By David Watkins , AFP
TOKYO–Japan on Monday intervened in currency markets for the first time since August to weaken the yen, the government said, after the unit hit a fresh post-war high against the greenback. Finance Minister Jun Azumi told reporters that Japan’s action was unilateral and did not comment on the size of the intervention. Japan’s Nikkei index rose by more than 0.50 percent in the wake of the move. Initial gains were quickly weighed by profit-taking and as Japanese exporters looked to repatriate overseas earnings at Monday’s quickly improved rates ahead of monthly book closing, said dealers. “Although I had repeatedly said we will take decisive measures against speculative moves in markets, those moves unfortunately continued so I ordered intervention at 0125 GMT,” Azumi told reporters at a quickly convened news conference.

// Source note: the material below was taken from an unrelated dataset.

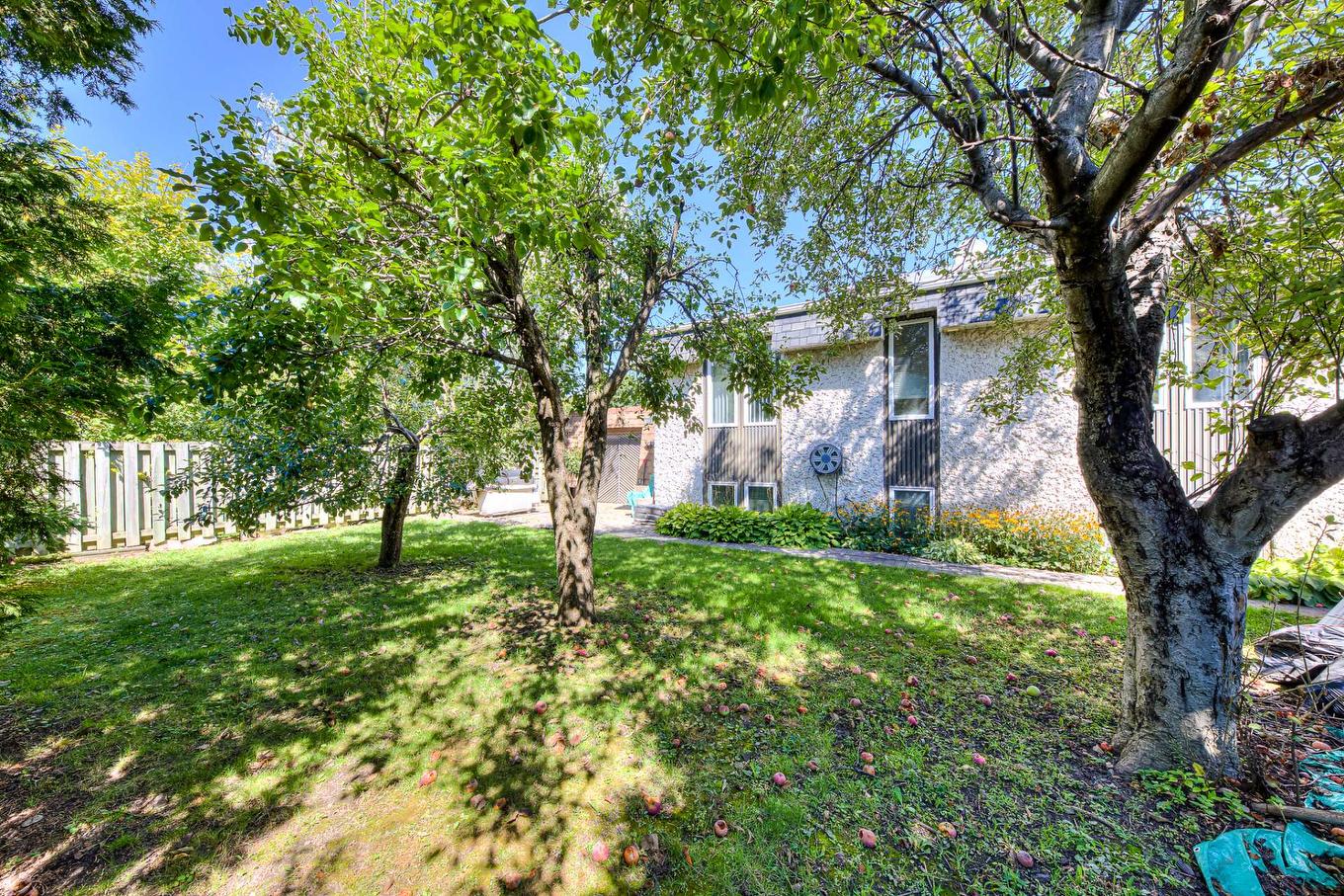 Backyard - 2450 Rue Lupien, Longueuil (Saint-Hubert), QC - Outdoor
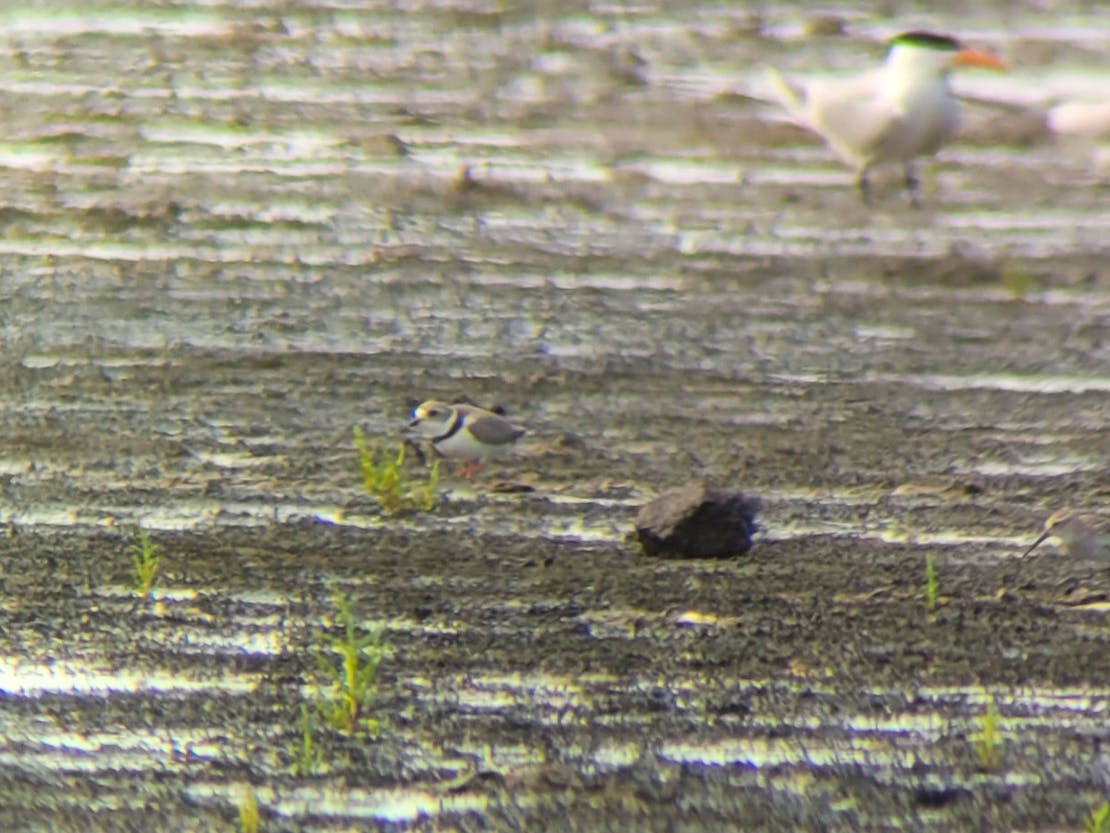Piping plover among debris from SpaceX Starship explosion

“It was solo intervention this time,” Azumi added. Japanese officials have in recent weeks stepped up intervention rhetoric in an attempt to verbally weaken the unit, but it continued to strengthen regardless. Officials had hoped that last week’s EU agreement on measures to shore up the eurozone and help resolve the bloc’s debt crisis would boost confidence and have an easing effect on fund flows into the Japanese unit. Concerns are growing in Japan that the strong currency, which erodes the repatriated profits of exporters and makes exports less competitive, could undermine a fragile recovery from the March 11 earthquake and tsunami. Japan’s manufacturers have staged a rebound since the March disasters that left around 20,000 dead or missing and shattered crucial supply chains, heavily disrupting Japanese industry.